I am not a trained artist – I took a drawing course once and when it was done, I immediately reverted to the way I had always drawn – just kind of winging it. Sometimes things come out realistic, mostly just swooping lines to suggest a mood. Drawings, paintings done all haphazard and gleeful, soaking and throwing and daubing and smearing color, color, color – and then cutting and gluing paper and card. Hinges made from random little designs I’ve drawn and inked in with fibre-tips or crayons or pencil or hi-lighter, in odd moments during the year.

One card goes through many stages: the initial cardstock might have been soaked and painted, then put away for years. Or another artist might have given me a half-finished or discarded painting (I love ‘found’ materials). My own paintings I’ve tired of, cut into rough rectangles. Then, when it’s time, I start to build on this. Paint, draw, dry, put aside… Then pair fronts and backs, hinges, glue it all, oh yes I love glueing things together and then sandwiching them inside phone books or magazines and leaving them for 48 hours – then with excitement getting them out again, and seeing them all nice and squashed flat! It’s like a cake that’s been mixed and then put in the oven and comes out transformed.

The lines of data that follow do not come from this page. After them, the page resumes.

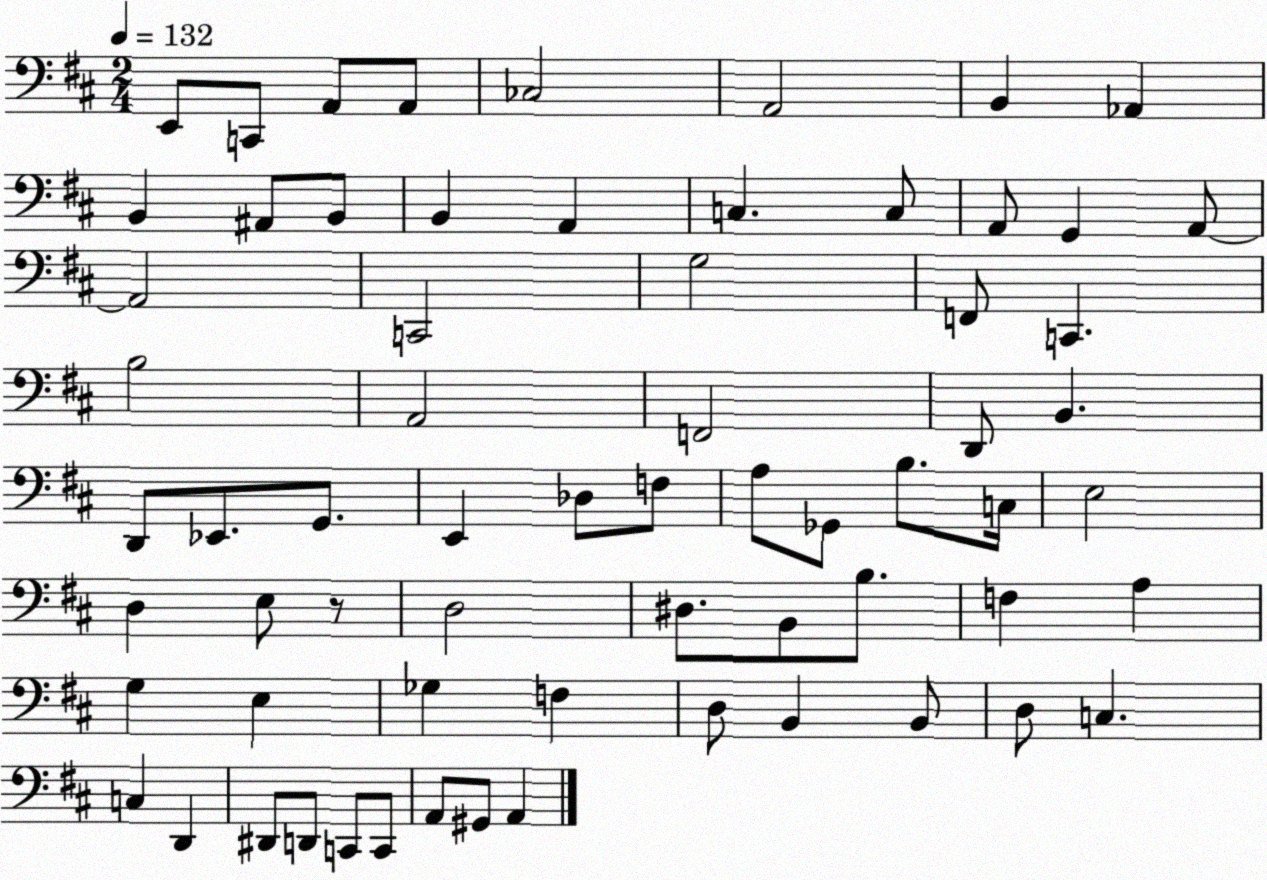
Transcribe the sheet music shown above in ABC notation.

X:1
T:Untitled
M:2/4
L:1/4
K:D
E,,/2 C,,/2 A,,/2 A,,/2 _C,2 A,,2 B,, _A,, B,, ^A,,/2 B,,/2 B,, A,, C, C,/2 A,,/2 G,, A,,/2 A,,2 C,,2 G,2 F,,/2 C,, B,2 A,,2 F,,2 D,,/2 B,, D,,/2 _E,,/2 G,,/2 E,, _D,/2 F,/2 A,/2 _G,,/2 B,/2 C,/4 E,2 D, E,/2 z/2 D,2 ^D,/2 B,,/2 B,/2 F, A, G, E, _G, F, D,/2 B,, B,,/2 D,/2 C, C, D,, ^D,,/2 D,,/2 C,,/2 C,,/2 A,,/2 ^G,,/2 A,,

And then finishing with fabric paint for texture, plus glitter, bindis, whatever I can find to stick on things. (I know when a card is done because it just feels done, in my tummy somewhere.)

And then the strange envelopes, made from maps, or photos cut from magazines, or my own drawings or mandalas, coloring-book pages… I am not afraid of excess, nor of brightness, nor of complication, nor of botching, waywardness, or anything else that might occur.

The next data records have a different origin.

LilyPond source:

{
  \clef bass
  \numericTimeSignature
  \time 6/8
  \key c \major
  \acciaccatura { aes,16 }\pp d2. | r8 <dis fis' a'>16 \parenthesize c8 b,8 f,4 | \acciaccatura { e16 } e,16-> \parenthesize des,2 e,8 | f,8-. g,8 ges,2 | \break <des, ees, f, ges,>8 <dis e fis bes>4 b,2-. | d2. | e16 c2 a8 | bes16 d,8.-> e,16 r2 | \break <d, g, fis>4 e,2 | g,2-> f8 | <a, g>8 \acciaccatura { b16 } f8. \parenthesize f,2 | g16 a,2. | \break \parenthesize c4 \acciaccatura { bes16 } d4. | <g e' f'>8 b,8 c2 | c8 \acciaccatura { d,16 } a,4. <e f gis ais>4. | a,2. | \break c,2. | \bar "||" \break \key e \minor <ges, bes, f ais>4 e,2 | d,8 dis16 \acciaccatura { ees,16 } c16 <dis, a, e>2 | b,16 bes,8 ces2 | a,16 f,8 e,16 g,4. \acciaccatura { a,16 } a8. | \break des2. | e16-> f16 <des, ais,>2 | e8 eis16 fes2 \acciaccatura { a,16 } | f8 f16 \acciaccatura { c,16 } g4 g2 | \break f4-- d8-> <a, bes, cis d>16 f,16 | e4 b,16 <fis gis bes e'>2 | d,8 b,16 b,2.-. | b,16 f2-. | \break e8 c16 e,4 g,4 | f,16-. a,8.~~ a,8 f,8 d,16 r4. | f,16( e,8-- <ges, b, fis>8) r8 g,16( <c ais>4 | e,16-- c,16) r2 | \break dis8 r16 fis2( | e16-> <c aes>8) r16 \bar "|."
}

This is pure play – hour after hour, forgetting time – addictive, soothing, childlike, and so much fun. I love scissors! I love paper! I feel like a duck in a pond, standing up on the water and flapping his wings, showering water about on all sides, and honking with joyous life!

I listen to an audiobook – just now a Daphne du Maurier, with pleasing posh accents – and, come late afternoon, bring in a tall glass of kombucha diluted just a bit with sparkling water. Oh yes!

This is my time-out-of-time, my unbothered recreation, a welcome change from writing or doing sessions – and the fact that I end up producing far too many cards and envelopes for even the most passionate correspondent to ever use up – is beside the point. (Last batch: 813 cards, 1137 envelopes. That took a year of lockdown, with a goodly portion of my sitting-room given over to the lovely mess.) The fact that everybody uses email is beside the point. When I go through a huge stack of cards later to find just the right one for somebody’s birthday or whatever, I am filled with happiness. Such riches! And, once in a while somebody buys a little stack of them – and reports to me later what pleasure a friend felt on receiving one…

But the joy is in the making; and sometimes I worry: When I am gone, what will anyone do with them all? But that is future; a thing not to be concerned with… right now I want just to make more.

It is so exciting to sort through piles of paper, card, image (I collect these things from all over, for months or years in advance), seeing what might go with what! What might be witty, subtle, harmonizing. It is difficult to stop at night to brush my teeth and make my way towards bed…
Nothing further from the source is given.